YOUR GOAL →
From the first line to the last, restate every record word for word, leaving out the pictures.

RECORDS PROVIDED →
● ● ● ● ●

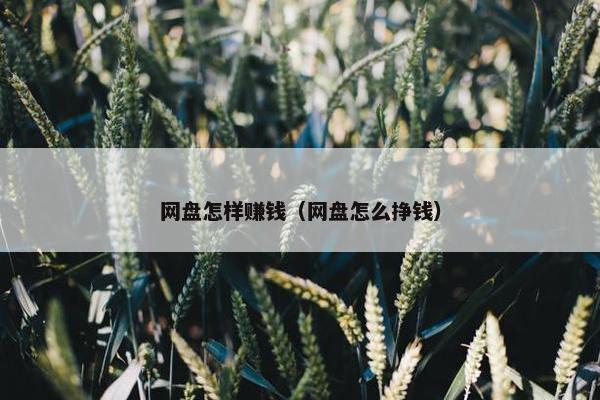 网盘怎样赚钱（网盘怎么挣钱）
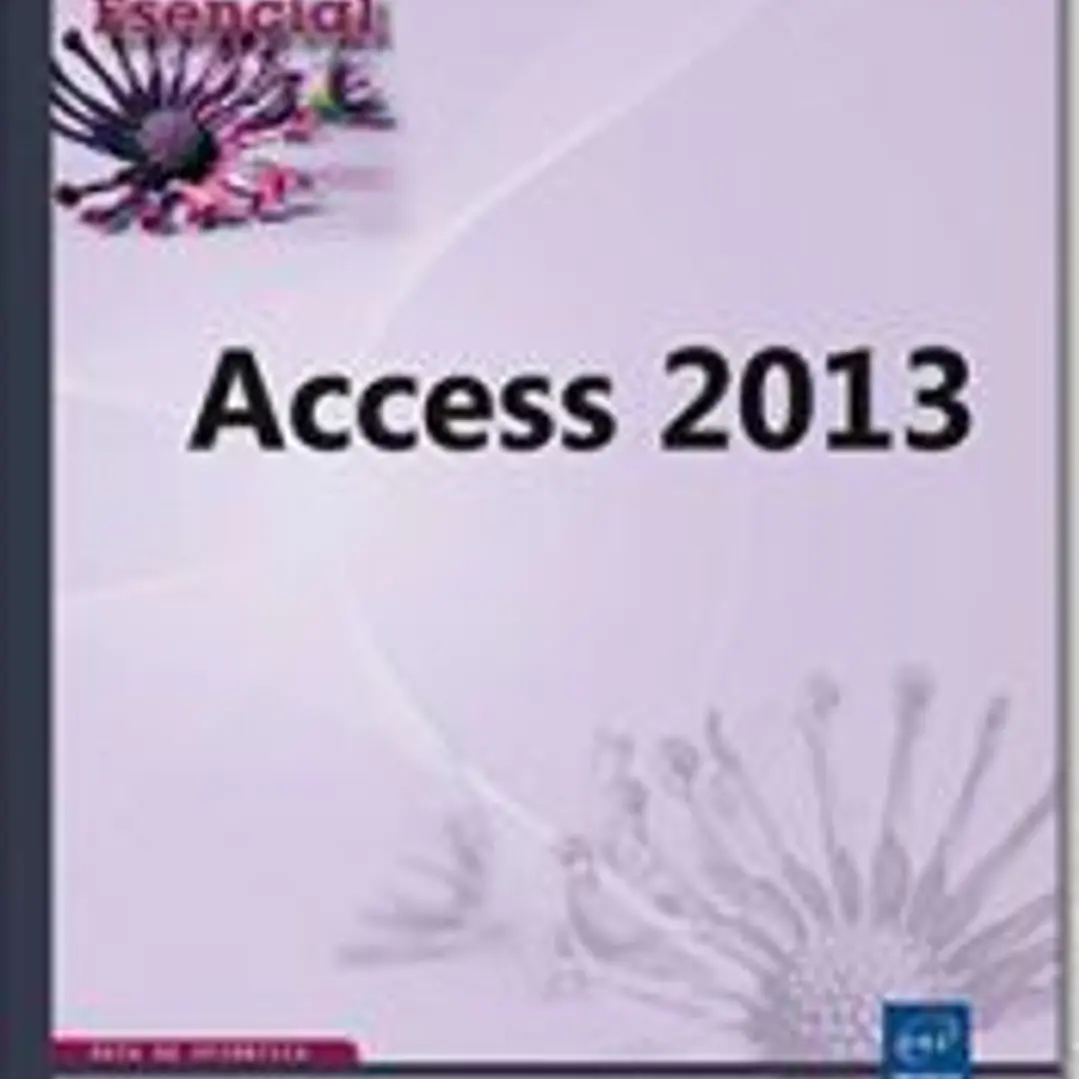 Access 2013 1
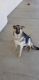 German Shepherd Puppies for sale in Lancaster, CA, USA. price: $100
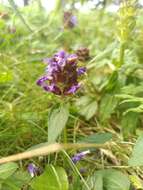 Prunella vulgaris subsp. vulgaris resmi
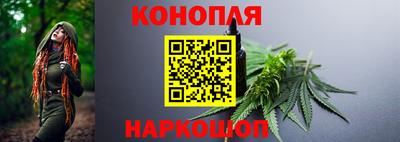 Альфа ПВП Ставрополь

● ● ● ● ●

RESPONSE FOR THIS EXERCISE →
 网盘怎样赚钱（网盘怎么挣钱）
 Access 2013 1
 German Shepherd Puppies for sale in Lancaster, CA, USA. price: $100
 Prunella vulgaris subsp. vulgaris resmi
 Альфа ПВП Ставрополь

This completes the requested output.